== TASK DESCRIPTION ==
Among the entries below, find the line with "Мамочка с Днем", then quote it and each following line up to and including the line with "Italeri 1/72 T-34/76", and nothing else.

== DATASET EXCERPTS ==
>>>>

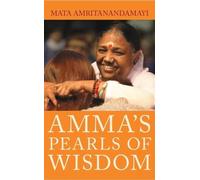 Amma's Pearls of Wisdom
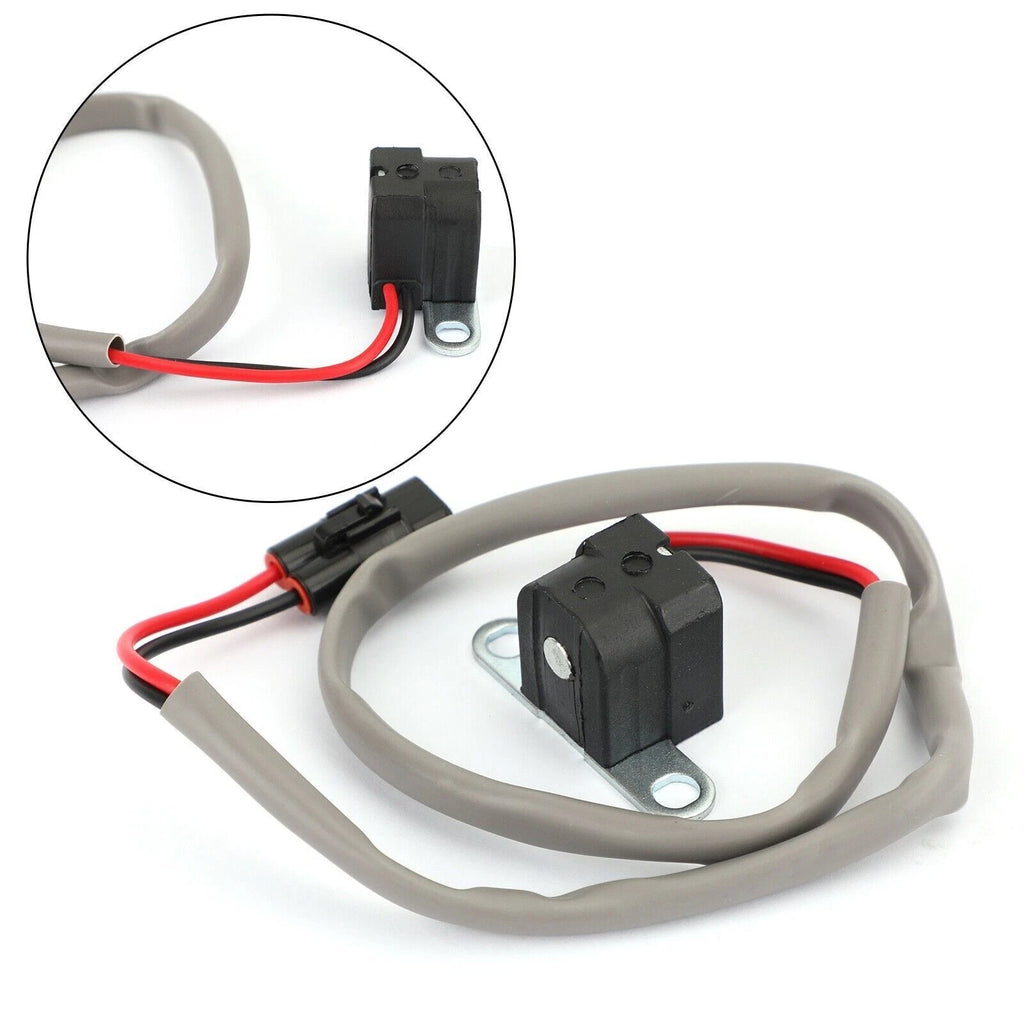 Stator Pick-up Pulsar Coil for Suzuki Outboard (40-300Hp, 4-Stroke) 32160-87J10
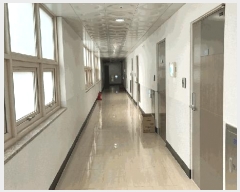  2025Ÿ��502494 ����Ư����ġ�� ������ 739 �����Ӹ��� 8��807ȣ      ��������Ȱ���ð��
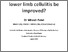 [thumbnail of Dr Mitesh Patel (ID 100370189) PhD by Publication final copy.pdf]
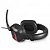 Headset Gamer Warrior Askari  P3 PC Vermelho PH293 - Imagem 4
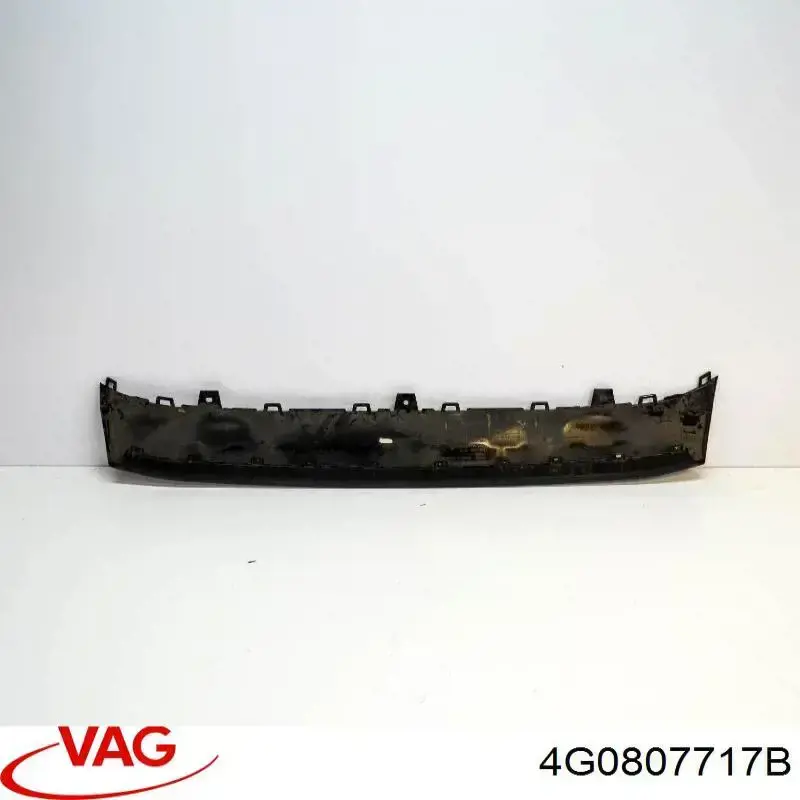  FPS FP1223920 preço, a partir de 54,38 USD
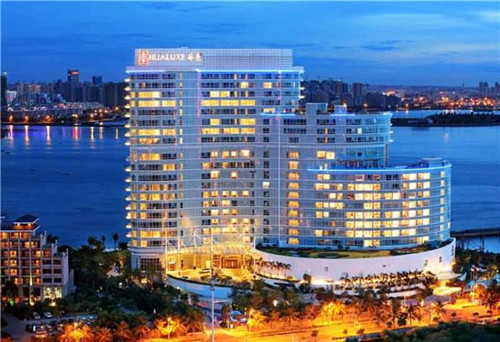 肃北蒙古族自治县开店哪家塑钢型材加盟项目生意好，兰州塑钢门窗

<<<<
>>>>

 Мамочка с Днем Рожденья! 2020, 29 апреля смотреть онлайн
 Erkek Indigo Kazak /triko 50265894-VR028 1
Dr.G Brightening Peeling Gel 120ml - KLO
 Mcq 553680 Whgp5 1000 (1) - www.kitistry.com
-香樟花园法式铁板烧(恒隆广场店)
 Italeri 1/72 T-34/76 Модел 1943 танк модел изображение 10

<<<<
>>>>

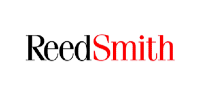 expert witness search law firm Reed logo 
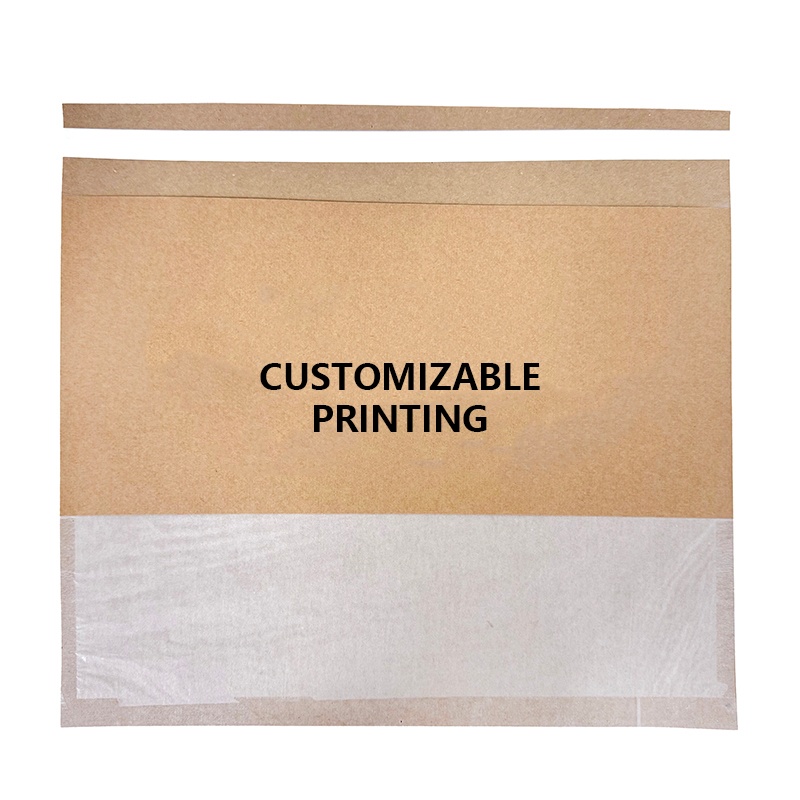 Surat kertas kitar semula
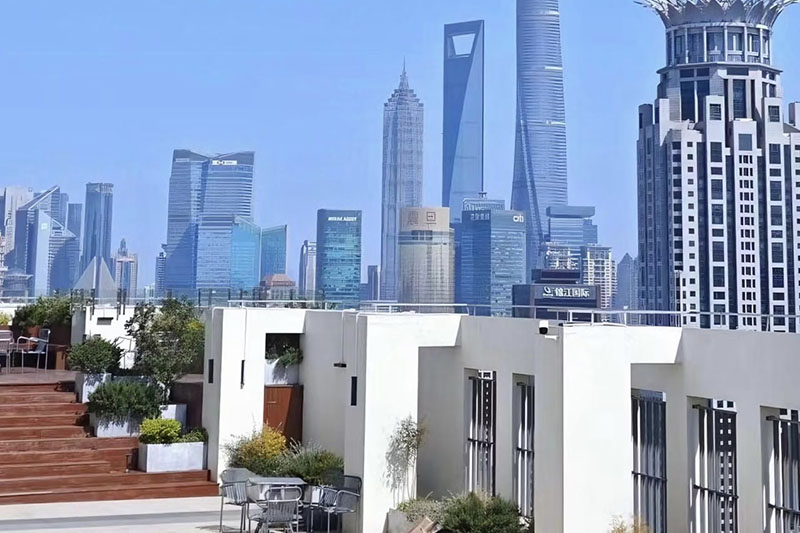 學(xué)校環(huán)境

<<<<

== COMPLETED EXERCISE ==
 Мамочка с Днем Рожденья! 2020, 29 апреля смотреть онлайн
 Erkek Indigo Kazak /triko 50265894-VR028 1
Dr.G Brightening Peeling Gel 120ml - KLO
 Mcq 553680 Whgp5 1000 (1) - www.kitistry.com
-香樟花园法式铁板烧(恒隆广场店)
 Italeri 1/72 T-34/76 Модел 1943 танк модел изображение 10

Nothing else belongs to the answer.